## [What the task asks]
Print, exactly as written, every line from the first line of the records below through the line containing "Cascade Dishwasher Detergent, Complete", and nothing further.

[Entries taken from a collection]
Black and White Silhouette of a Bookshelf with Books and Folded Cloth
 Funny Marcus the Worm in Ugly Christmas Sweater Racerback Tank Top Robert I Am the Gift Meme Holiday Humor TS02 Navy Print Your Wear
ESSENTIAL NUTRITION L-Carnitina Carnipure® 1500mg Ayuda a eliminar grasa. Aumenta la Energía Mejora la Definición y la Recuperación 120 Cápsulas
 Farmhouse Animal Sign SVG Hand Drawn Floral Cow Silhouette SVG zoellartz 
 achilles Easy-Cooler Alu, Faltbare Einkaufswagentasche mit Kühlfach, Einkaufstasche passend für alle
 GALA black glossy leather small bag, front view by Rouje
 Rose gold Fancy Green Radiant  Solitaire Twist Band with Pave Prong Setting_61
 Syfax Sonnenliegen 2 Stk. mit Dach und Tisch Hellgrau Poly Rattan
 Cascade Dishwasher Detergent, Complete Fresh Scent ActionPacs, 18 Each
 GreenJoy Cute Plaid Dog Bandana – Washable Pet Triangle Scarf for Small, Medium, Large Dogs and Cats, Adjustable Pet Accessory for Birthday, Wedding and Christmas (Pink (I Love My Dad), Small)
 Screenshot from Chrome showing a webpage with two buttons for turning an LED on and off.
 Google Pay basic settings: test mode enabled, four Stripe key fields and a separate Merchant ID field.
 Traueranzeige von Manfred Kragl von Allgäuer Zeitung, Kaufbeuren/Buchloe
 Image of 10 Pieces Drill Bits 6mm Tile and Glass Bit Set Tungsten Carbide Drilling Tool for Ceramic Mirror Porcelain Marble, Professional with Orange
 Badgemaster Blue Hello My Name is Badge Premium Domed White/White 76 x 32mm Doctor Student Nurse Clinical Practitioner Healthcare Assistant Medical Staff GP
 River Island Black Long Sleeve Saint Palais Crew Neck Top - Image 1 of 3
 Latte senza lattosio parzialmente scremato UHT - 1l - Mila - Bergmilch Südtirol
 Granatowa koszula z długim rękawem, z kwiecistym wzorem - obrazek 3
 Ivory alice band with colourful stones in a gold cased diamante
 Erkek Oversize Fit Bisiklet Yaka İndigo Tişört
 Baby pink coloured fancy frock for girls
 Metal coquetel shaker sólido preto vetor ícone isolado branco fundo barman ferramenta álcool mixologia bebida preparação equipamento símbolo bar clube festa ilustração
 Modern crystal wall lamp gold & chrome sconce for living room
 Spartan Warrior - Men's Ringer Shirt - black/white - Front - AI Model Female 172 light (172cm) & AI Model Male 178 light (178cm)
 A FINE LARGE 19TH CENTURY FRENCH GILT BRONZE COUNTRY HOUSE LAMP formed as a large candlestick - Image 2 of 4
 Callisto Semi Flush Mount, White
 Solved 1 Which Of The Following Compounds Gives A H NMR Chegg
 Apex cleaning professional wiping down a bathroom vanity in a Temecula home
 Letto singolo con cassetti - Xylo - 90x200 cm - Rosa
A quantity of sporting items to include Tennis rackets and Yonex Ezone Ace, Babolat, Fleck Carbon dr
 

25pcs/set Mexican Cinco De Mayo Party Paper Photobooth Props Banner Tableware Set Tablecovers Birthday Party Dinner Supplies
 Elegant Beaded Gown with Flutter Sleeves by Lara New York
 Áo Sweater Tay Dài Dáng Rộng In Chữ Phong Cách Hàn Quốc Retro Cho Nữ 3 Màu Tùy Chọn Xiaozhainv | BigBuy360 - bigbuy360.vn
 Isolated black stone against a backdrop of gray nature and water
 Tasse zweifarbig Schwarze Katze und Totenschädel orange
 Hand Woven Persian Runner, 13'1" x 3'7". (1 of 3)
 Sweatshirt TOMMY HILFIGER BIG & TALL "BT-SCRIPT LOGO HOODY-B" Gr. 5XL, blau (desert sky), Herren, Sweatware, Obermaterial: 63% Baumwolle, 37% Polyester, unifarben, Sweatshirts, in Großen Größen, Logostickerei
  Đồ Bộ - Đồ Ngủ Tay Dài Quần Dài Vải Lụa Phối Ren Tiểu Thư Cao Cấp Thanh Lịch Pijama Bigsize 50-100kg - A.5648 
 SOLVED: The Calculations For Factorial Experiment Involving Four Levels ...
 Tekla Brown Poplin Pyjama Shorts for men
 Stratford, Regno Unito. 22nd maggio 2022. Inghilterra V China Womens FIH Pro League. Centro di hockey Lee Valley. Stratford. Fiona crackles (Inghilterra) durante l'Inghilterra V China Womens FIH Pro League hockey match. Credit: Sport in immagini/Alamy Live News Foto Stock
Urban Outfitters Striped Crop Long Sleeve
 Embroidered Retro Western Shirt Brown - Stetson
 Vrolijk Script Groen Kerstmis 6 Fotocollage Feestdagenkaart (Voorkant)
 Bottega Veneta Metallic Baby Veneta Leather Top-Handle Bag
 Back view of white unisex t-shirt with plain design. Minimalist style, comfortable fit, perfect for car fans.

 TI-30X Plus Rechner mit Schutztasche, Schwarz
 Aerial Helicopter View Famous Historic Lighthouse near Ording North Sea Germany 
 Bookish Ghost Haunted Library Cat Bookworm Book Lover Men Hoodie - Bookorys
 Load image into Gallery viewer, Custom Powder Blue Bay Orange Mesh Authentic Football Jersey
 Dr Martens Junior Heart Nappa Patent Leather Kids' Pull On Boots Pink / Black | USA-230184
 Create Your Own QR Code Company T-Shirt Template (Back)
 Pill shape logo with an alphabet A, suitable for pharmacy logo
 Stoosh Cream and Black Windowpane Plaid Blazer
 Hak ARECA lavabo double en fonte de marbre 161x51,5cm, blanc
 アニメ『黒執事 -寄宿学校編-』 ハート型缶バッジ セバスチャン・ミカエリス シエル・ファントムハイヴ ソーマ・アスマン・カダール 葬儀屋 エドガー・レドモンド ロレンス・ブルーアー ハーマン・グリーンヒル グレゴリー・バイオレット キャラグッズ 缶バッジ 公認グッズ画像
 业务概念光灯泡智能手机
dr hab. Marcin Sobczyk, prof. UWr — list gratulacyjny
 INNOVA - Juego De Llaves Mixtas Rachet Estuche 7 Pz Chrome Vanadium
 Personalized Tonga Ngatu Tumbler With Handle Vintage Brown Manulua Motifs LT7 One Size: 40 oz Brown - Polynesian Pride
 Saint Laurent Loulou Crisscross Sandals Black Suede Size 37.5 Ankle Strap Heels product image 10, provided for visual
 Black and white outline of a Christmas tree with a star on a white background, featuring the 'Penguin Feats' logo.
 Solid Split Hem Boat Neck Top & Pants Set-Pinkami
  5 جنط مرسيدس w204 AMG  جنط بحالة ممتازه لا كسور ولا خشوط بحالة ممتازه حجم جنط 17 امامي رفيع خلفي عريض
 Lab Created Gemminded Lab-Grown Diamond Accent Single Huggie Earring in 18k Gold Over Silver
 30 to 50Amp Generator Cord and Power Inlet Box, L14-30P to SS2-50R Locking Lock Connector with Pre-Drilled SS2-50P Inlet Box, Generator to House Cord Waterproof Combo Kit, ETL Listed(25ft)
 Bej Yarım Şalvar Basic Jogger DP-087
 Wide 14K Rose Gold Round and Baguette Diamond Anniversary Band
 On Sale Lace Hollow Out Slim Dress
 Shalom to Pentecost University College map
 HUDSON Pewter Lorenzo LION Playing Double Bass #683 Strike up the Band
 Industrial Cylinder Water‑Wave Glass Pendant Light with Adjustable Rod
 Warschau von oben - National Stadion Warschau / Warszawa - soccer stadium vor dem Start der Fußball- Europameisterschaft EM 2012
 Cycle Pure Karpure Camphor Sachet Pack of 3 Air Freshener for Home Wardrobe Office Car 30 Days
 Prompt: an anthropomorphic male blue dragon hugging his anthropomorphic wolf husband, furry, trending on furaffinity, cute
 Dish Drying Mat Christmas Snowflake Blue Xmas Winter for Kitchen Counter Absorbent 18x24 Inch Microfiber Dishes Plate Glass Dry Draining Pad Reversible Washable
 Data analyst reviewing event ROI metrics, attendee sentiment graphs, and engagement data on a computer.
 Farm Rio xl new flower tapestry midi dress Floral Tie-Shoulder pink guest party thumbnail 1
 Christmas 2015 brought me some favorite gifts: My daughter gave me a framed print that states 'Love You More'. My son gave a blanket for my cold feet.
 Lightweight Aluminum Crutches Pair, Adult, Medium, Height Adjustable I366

## [Exercise answer]
Black and White Silhouette of a Bookshelf with Books and Folded Cloth
 Funny Marcus the Worm in Ugly Christmas Sweater Racerback Tank Top Robert I Am the Gift Meme Holiday Humor TS02 Navy Print Your Wear
ESSENTIAL NUTRITION L-Carnitina Carnipure® 1500mg Ayuda a eliminar grasa. Aumenta la Energía Mejora la Definición y la Recuperación 120 Cápsulas
 Farmhouse Animal Sign SVG Hand Drawn Floral Cow Silhouette SVG zoellartz 
 achilles Easy-Cooler Alu, Faltbare Einkaufswagentasche mit Kühlfach, Einkaufstasche passend für alle
 GALA black glossy leather small bag, front view by Rouje
 Rose gold Fancy Green Radiant  Solitaire Twist Band with Pave Prong Setting_61
 Syfax Sonnenliegen 2 Stk. mit Dach und Tisch Hellgrau Poly Rattan
 Cascade Dishwasher Detergent, Complete Fresh Scent ActionPacs, 18 Each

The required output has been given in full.